Guarantees: Error decreases with more iterations (addresses distribution mismatch).

Reference: Ross, S., Gordon, G., & Bagnell, D. (2011). A Reduction of Imitation Learning and Structured Prediction to No-Regret Online Learning. AISTATS.

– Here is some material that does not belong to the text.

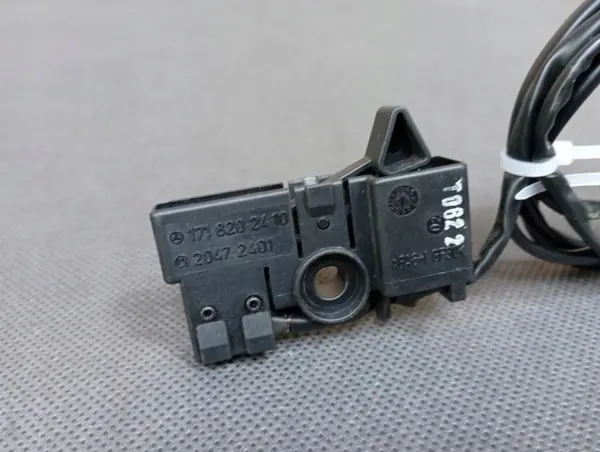 Mercedes SLK 171 Interruptor Teto OEM A1718202410 image 4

Inverse Reinforcement Learning

Maximum Entropy Inverse RL

Inverse RL (IRL): Learn reward function from expert demonstrations.

Maximum entropy IRL:

Assume expert policy has maximum entropy distribution over optimal trajectories:

\[P(\tau | \theta) \propto \exp\left(r_\theta(\tau)\right)\]

Algorithm:

  1. Initialize reward parameters \(\theta\)
  2. Repeat:
    • Compute optimal policy \(\pi_\theta\) for current reward \(r_\theta\)
    • Compute feature expectations: \(\mathbb{E}{\pi\theta}[\phi]\) and \(\mathbb{E}_{\text{expert}}[\phi]\)
    • Update \(\theta\) to match feature expectations: \(\nabla_\theta = \mathbb{E}_{\text{expert}}[\phi] - \mathbb{E}_{\pi_\theta}[\phi]\)

Goal: Find reward such that expert policy is optimal.